In September 2021 Molloy debuted for the Republic of Ireland women's national under-19 football team, scoring in her team's 2–1 friendly defeat by Norway in Portugal. She made five appearances throughout the year, scoring three goals.

===Senior===
Senior Republic of Ireland national team coach Vera Pauw called up Molloy for the first time on 28 August 2020, for the UEFA Women's Euro 2022 qualifier against Germany on 19 September 2020. Molloy made her senior international debut in Ireland's next match, against Ukraine in Kyiv on 23 October 2020. She was an 86th-minute substitute for Harriet Scott in Ireland's 1–0 defeat.

After allowing Molloy to gain experience with the under-19s, Pauw recalled her to the seniors in November 2021, for 2023 FIFA Women's World Cup qualification – UEFA Group A fixtures against Slovakia and Georgia. However a hamstring injury sustained in the 2021 FAI Women's Cup Final forced Molloy to drop out of the squad.
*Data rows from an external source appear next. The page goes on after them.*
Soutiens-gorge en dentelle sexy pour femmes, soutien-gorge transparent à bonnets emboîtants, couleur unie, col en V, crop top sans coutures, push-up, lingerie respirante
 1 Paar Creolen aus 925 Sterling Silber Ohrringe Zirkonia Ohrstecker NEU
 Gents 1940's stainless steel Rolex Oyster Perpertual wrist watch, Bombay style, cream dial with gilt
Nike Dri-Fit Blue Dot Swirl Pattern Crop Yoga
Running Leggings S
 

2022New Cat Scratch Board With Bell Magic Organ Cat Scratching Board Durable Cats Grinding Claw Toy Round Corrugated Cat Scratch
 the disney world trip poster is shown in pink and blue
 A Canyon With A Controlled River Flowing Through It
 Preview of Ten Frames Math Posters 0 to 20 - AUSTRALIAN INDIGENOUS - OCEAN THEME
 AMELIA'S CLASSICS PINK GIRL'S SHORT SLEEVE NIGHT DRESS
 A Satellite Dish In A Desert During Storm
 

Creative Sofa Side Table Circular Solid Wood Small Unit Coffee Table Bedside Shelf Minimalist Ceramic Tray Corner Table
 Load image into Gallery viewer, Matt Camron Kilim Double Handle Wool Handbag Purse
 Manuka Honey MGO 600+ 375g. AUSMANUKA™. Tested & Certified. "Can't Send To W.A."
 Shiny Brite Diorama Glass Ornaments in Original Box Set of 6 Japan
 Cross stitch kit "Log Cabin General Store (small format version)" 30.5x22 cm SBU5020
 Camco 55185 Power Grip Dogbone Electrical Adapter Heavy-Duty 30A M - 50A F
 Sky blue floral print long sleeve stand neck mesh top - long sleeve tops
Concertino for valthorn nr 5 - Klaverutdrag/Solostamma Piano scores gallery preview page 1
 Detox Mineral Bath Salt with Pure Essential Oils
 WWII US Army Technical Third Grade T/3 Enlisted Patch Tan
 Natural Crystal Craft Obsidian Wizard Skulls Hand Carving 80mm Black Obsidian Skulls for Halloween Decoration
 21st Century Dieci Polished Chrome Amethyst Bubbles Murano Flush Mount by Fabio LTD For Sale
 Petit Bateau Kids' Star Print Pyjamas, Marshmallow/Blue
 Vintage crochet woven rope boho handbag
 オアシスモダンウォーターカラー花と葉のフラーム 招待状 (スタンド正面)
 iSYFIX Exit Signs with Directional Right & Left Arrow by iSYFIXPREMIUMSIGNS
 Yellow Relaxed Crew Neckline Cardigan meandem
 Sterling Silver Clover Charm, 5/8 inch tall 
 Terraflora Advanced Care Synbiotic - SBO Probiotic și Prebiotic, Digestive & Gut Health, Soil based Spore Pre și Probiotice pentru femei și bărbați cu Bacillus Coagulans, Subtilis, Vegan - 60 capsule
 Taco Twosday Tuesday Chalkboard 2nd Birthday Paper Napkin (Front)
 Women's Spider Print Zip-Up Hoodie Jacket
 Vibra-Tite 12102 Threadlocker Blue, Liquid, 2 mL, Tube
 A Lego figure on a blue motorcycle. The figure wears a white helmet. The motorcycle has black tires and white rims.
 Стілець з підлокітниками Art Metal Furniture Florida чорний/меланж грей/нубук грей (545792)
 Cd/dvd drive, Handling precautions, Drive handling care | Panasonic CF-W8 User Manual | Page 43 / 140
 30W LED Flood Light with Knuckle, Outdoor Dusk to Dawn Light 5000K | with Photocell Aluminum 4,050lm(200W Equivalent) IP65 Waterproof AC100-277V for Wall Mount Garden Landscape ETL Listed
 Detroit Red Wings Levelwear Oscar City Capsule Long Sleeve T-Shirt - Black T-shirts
Molloy was called up again in February 2022, for the 2022 Pinatar Cup in Murcia. She sat her Leaving Cert mock exams early in order to take part. Molloy made her first start for Ireland on the occasion of her fifth cap, on 19 February 2022 in the 1–0 defeat by Russia.

Molloy was recalled to the national team for the UEFA Euro 2025 qualification playoffs against Georgia in October 2024, earning her seventh cap coming on as a substitute in the home leg.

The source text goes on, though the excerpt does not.